Edward Glaeser, professor of economics at Harvard University and a ULI trustee, speaking at the ULI Netherlands’ Annual Conference in Amsterdam.

“Human capital is the bedrock for municipal success,” Edward Glaeser, professor of economics at Harvard University and a ULI trustee, said in his keynote at ULI Netherlands’ Annual Conference in Amsterdam in May. His discussion focused on the key challenges and opportunities cities face, and how those affect regeneration. The author of Triumph of the City and a senior fellow at the Manhattan Institute, Glaeser’s work has centered on the determinants of city growth and the role of cities as centers of idea transmission.

The housing crisis in the United States illustrated the country’s extreme heterogeneity—some cities boomed in the 2000s, some went bust, and some areas’ housing prices were basically unaffected. One outlier was Detroit, which missed the boom but still got the bust, said Glaeser. Phoenix and Las Vegas were negative outliers that should have never had booms, considering their nearly unrestricted supply of land.

Much of the recent growth has been centered in dense areas on the East and West coasts. Within those metro areas, the places closest to the city center, which seemed in crisis in the 1970s, are now the most in-demand and most expensive. The pattern of rising density is universal. By definition, “Cities are the absence of physical space among people. It’s closeness,” Glaeser says.

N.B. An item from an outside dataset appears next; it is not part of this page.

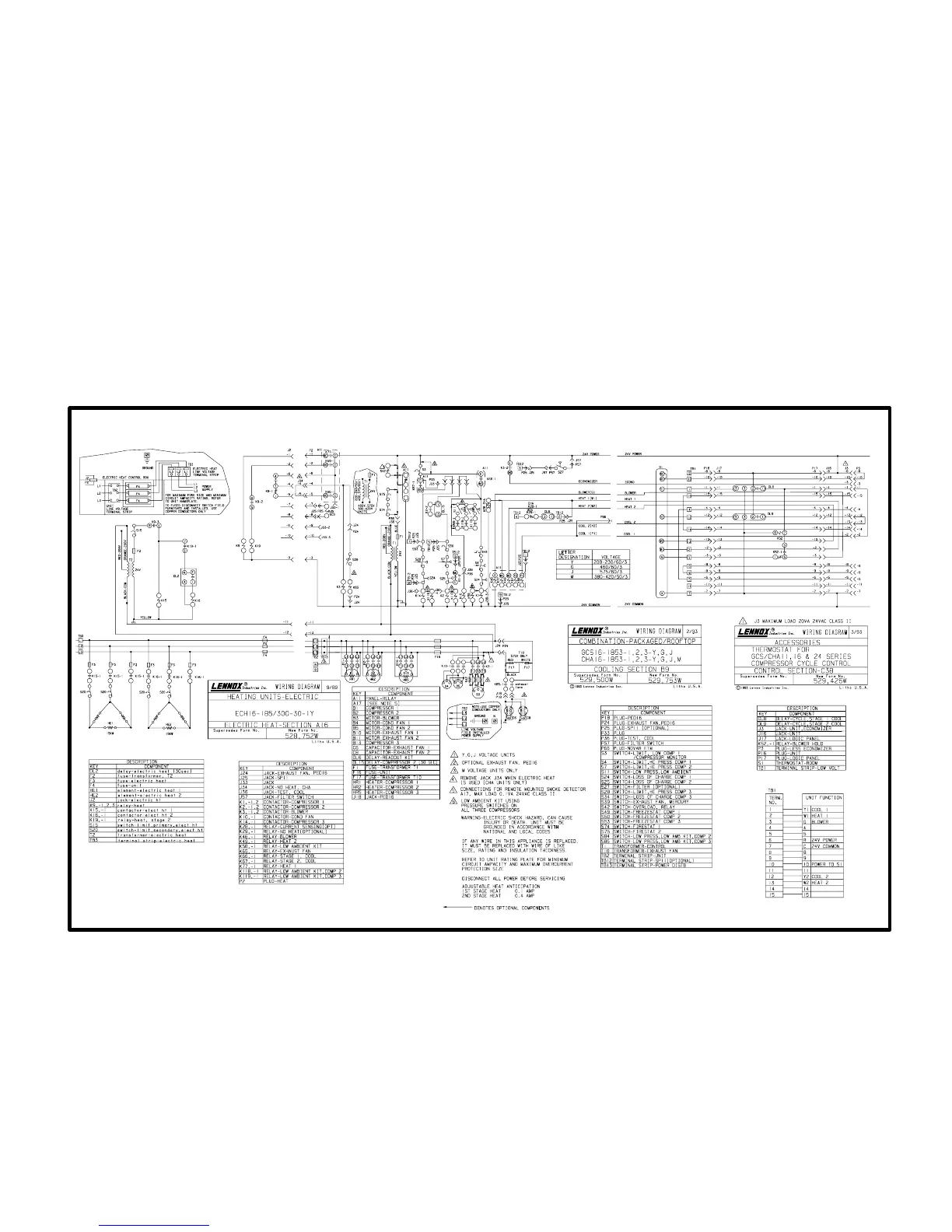 Page #56 background image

Technology has acted as both as a centripetal and a centrifugal force over humanity’s history with cities, both drawing people toward cities and pushing them away from them. One centripetal force: aqueducts. The promise of clean water helped people gather in close quarters. Also skyscrapers: adding more square footage of usable space to a single plot of land drove growth in cities in the late 19th and early 20th centuries.

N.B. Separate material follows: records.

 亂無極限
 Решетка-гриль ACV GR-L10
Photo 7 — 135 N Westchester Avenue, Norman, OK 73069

But the 20th century as a whole was centrifugal. Radios and televisions spread us out, since we did not have to rely on being close to sources of information. Cars and highways killed urban industry, making it possible for manufacturing to relocate to cheaper land, trusting the workforce would follow the jobs.

“So why didn’t computers kill cities?” Glaeser asks. It’s a fair question: remote working has never been more possible, and productivity has never been higher. So why are more people flocking to urban areas than ever? “Cities are about exchanging ideas,” he says. The proximity of people to other people sparks ideas in a way that is impossible in remote areas.

The difference between how quickly New York City and Pittsburgh bounced back from their declines in traditional employment—respectively, the garment industry and the steel industry—can be attributed to the small-scale entrepreneurs who emerged from the garment industry. Steel workers were not as likely to reinvent their careers.

Seattle rose from the ashes with entrepreneurship that turned into giant corporations: Amazon, Starbucks, Microsoft. But Glaeser warns that chasing Amazon’s new headquarters is not a guarantee of future municipal health. “At the start of the 21st century, like the start of the 19th, success is built by smart people, small firms, and connections to the outside world,” he says.

But the rise of cities is heightening inequalities between metropolitan and nonmetropolitan areas. Where unemployment rates were approximately the same across major metro, secondary metro, and nonmetro areas in 1980, Glaeser said there is now a six-point difference in unemployment between major metro and nonmetro areas in the United States.

“Cities attract both rich people and poor people,” he says. “But cities don’t make room for new people. That’s the dilemma the urban resurgence has created.” The housing shortage is apparent in many already dense metro areas where building is expensive. We now need to think about where to place tall buildings that people actually want to live in. “Building up is not the enemy. It’s a friend to the environment,” he says.